One of my dear colleagues here at Lehigh, Alan Snyder, has described the current marketing strategy for higher ed as institutions doing all the same things but talking about how distinct they are. I laughed and then winced the first time I heard the observation, because truth can still hurt even in 2021. Nobody wants to be just another member of the pack, but we are all chasing the same things. In that kind of market, demographic bombs do a lot of damage.
Differentiation creates more options, more realities for people to imagine a college experience that matches their needs and goals. If we want to increase the demand side of the equation, we have to stop doing the same things as all of our peer institutions. It might not save us all, but if 50% is in the ballpark of what the danger looks like, maybe we can whittle that down somewhat. I am not speaking of this even as someone who really likes their job and wants to continue doing it. Growing demand means bringing more into the fold, and it will force us to make new priorities to open up access and capture that group that suddenly is noticing us instead of taking a hard pass. That means more aid, more flexible programs, some reimagining of what we can be in higher ed. It means shaking off the atrophy that built up thanks to dealing with an inert market and built-in demand from an audience that lacked choice.

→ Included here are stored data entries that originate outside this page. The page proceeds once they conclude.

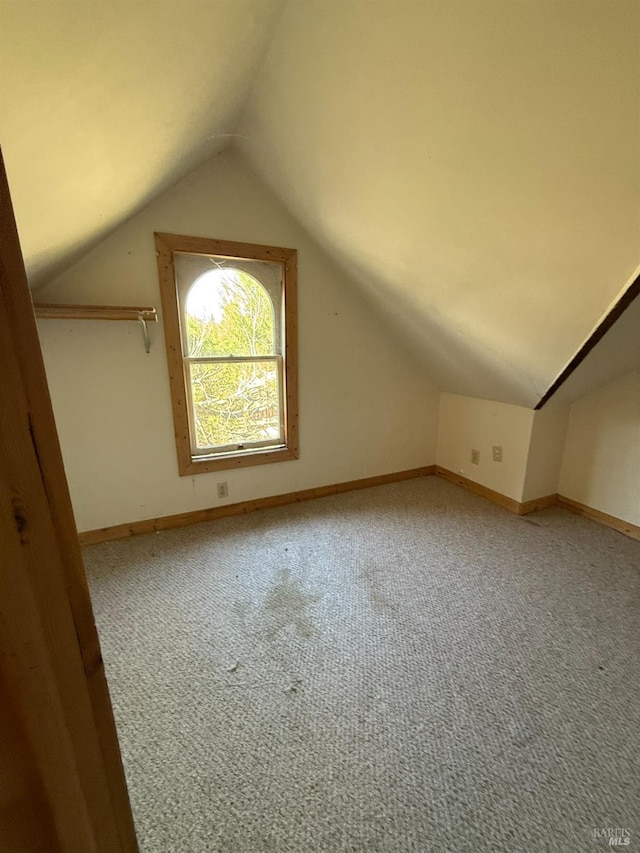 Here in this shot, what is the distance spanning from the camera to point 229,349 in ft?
8.09

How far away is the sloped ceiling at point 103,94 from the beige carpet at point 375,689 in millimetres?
1677

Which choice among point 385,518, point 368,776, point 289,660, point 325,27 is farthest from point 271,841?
point 325,27

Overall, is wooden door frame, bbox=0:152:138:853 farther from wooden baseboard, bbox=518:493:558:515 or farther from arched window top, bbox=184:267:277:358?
wooden baseboard, bbox=518:493:558:515

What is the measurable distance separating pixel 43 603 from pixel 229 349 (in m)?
2.22

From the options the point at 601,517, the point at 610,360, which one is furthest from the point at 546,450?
the point at 610,360

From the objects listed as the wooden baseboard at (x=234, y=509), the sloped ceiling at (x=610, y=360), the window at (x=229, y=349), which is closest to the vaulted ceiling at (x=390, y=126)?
the sloped ceiling at (x=610, y=360)

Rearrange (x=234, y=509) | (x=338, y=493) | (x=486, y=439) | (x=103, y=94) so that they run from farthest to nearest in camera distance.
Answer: (x=338, y=493), (x=486, y=439), (x=234, y=509), (x=103, y=94)

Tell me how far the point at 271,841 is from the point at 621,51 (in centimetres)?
210

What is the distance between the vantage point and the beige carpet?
39.3 inches

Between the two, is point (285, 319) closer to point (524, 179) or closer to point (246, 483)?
point (246, 483)

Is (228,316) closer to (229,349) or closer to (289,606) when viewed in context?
(229,349)

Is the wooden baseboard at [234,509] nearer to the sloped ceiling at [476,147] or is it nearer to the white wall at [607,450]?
the white wall at [607,450]

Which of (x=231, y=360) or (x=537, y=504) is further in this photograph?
(x=537, y=504)

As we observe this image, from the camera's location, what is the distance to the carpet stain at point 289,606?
5.44ft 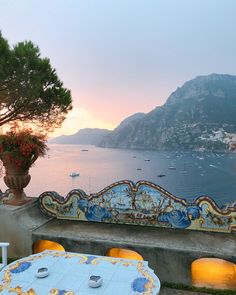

The risk one year later is that the choice is more stark for students, and that they are coming at this with wisdom earned from experience. It’s not just a question of ZoomU or in-person. Students have gotten the no-frills education at the with-frills price, and they rightfully should be asking how much unrelated prestige they are financing on the side and whether it is worth the cost. It might be dramatic to say 50% of institutions dead by 2028, but the pandemic is forcing us to ask questions about value and what we value. How we answer those questions will determine how close we get to that mark, and who wins or loses in the higher ed landscape to come.